From the data below, return the exact lines starting at the line containing "Pair of brass" and ending at the line containing "Gun - Army 5 Panel Canvas Art Wall Decor", both included, and nothing else.

- DATA PROVIDED -
= = = =

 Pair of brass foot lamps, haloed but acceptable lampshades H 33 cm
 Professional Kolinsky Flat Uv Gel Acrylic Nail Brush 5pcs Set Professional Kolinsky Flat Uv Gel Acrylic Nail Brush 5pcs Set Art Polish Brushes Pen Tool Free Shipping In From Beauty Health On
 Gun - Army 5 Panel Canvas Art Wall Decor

= = = =

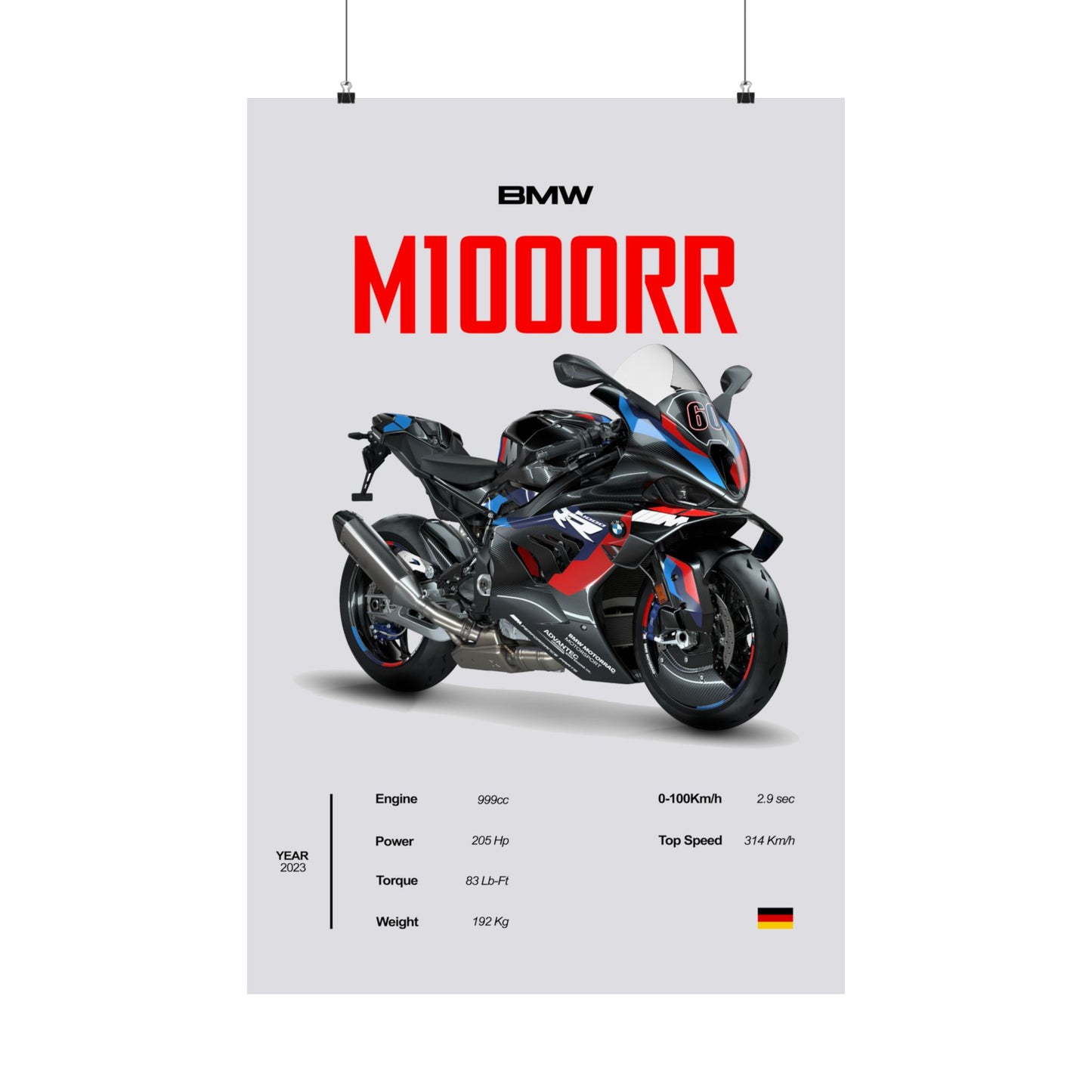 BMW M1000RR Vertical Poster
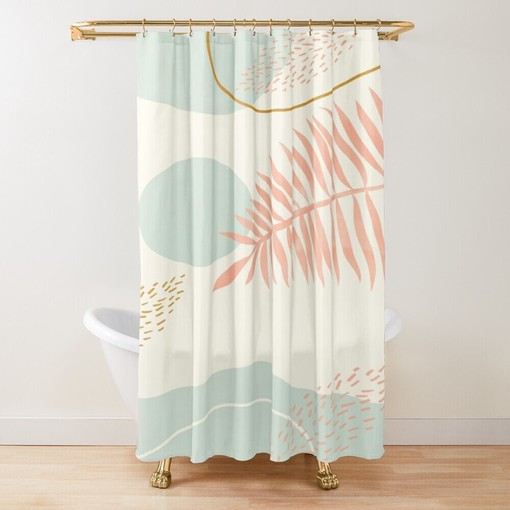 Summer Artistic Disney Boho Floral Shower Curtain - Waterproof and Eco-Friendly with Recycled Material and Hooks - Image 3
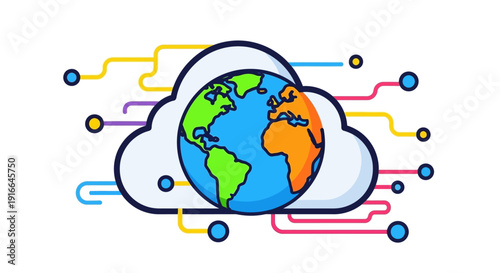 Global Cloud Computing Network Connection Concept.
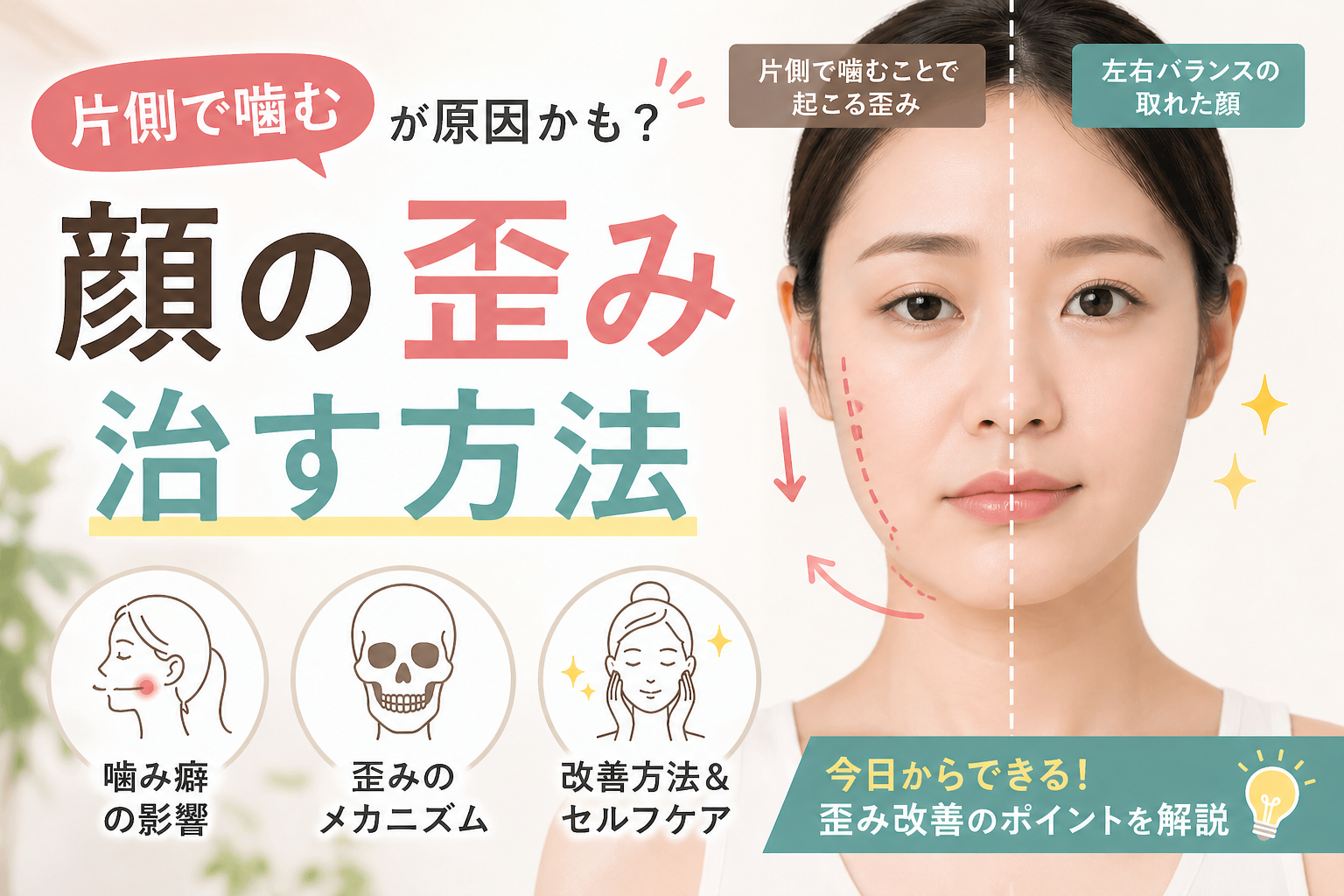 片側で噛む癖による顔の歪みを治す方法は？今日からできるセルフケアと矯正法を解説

= = = =

- WRITTEN ANSWER -
 Pair of brass foot lamps, haloed but acceptable lampshades H 33 cm
 Professional Kolinsky Flat Uv Gel Acrylic Nail Brush 5pcs Set Professional Kolinsky Flat Uv Gel Acrylic Nail Brush 5pcs Set Art Polish Brushes Pen Tool Free Shipping In From Beauty Health On
 Gun - Army 5 Panel Canvas Art Wall Decor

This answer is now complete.